The far side of the moon holds secrets about its mysterious trenches near the south pole. Recent findings suggest that these massive formations, comparable in size to the Grand Canyon, likely took shape in just minutes. Scientists believe they were sculpted by an ancient impact billions of years ago.

According to David Kring of the Lunar and Planetary Institute, the immense forces unleashed by this event hurled massive amounts of rocky debris across the lunar surface. Computer simulations point to a catastrophic event that occurred about 3.8 billion years ago, involving a 15-mile-wide space rock releasing energy equivalent to 130 times the global stockpile of nuclear weapons in under 10 minutes.

The impact tore two canyons, each stretching around 170 miles in length. Data from NASA’s Lunar Reconnaissance Orbiter revealed that boulders sped across the moon at nearly 2,200 miles per hour. Straight-line features near the Schrödinger impact basin trace the path of these ejected fragments.
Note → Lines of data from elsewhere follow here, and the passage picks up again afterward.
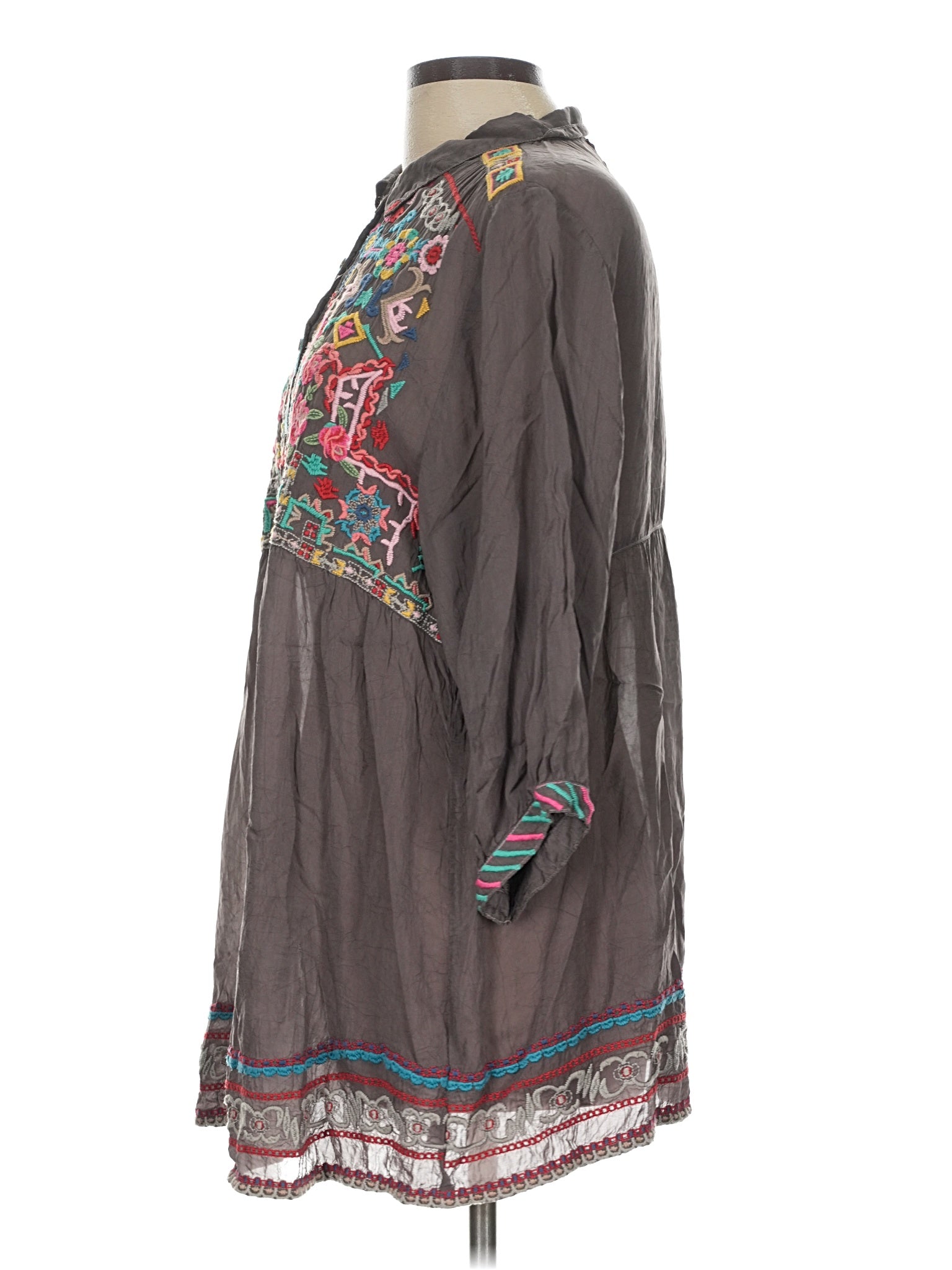 4 size - L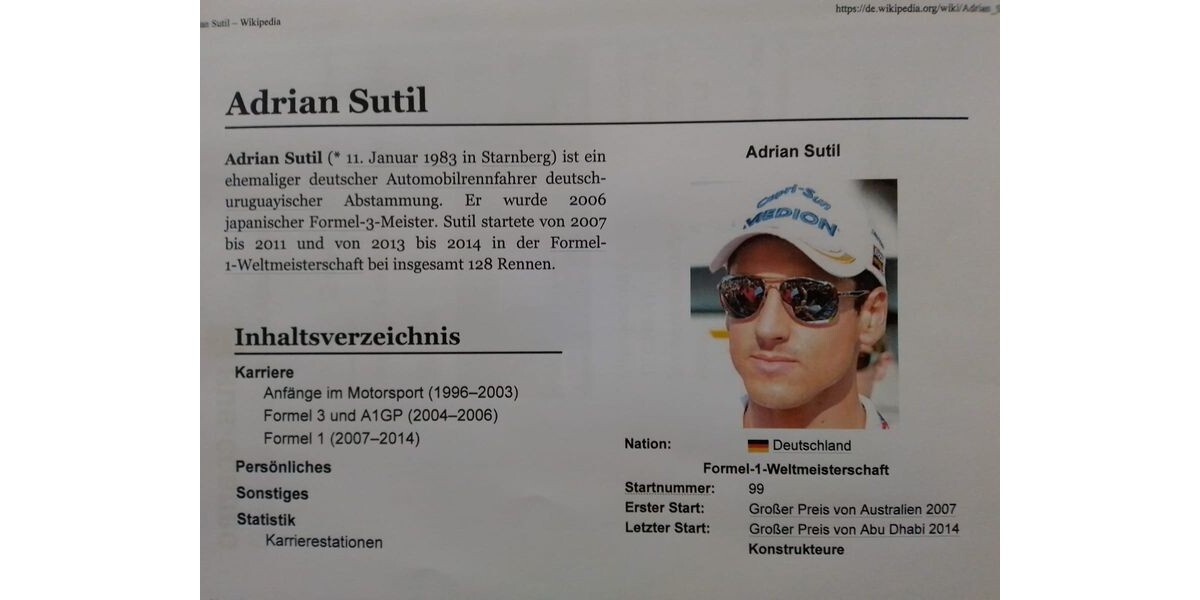 Porsche 911 77.000 km 1.200.000 &euro; Kirchenlamitz 95153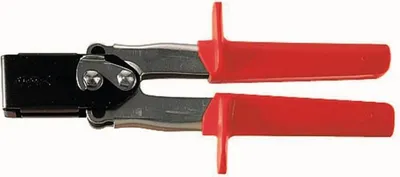 Produktbild von Fischer - HMZ 1 Montagezange, 370210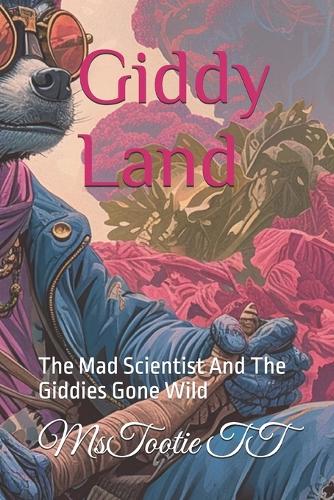 Giddy Land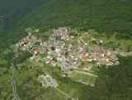 Photos aériennes de Mello (23010) | Sondrio, Lombardia, Italie - Photo réf. T044201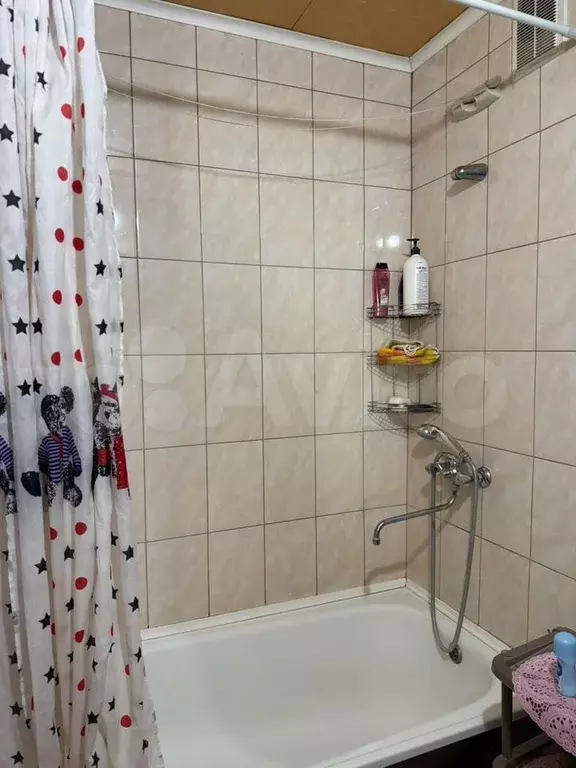 1-к. квартира, 31 м, 2/5 эт. - Фото 1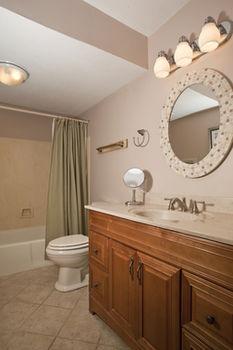 Anchorage Abode Ii A02 2 Bedroom By Anchorage 3*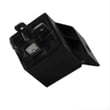 Relay for Ariens 915145 - Part 00432101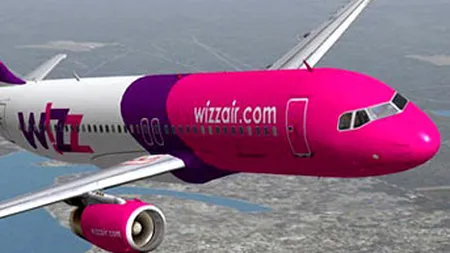 Avion Bucuresti-Roma, aterizat de urgenta. Ce spune linia aeriana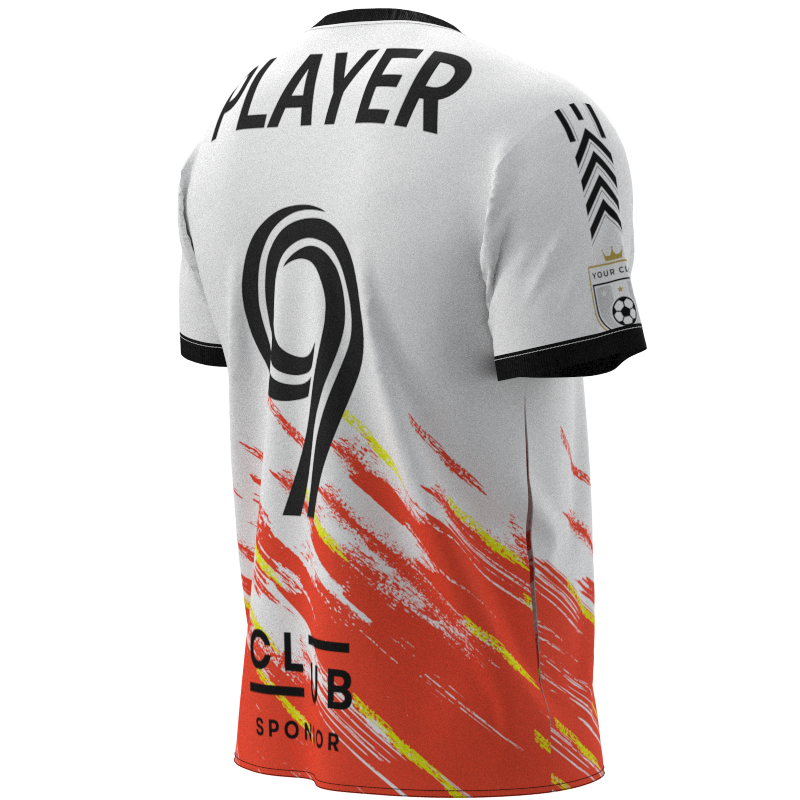 XWHTKCV-2022-23 - Image 3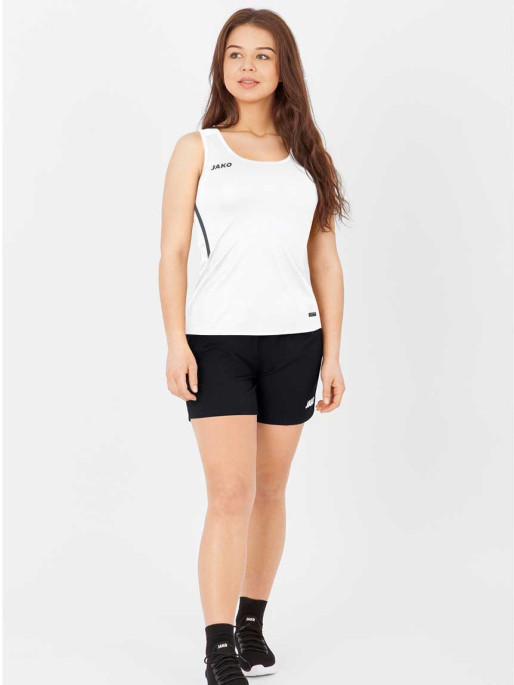 JAKO Потник Tank top Challenge
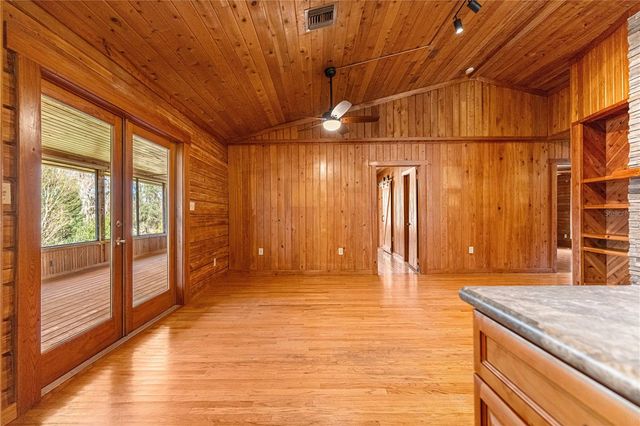 9145 NW 193 STREET, Micanopy, FL 32667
Researchers believe that this ancient collision triggered a surge of asteroids directed toward the inner solar system and shifted the orbits of Jupiter, Saturn, Uranus, and Neptune. The Artemis program aims to send astronauts to the moon’s polar region for the first time since the 1970s, potentially collecting core samples from these deep sites.

The study published in Nature Communications sheds light on the moon’s formation after a huge object struck Earth in the distant past, leaving behind the natural satellite we see today. The discovery highlights the value of studying ancient surfaces and could refine our knowledge of lunar geology and the origins of rocky bodies across the solar system.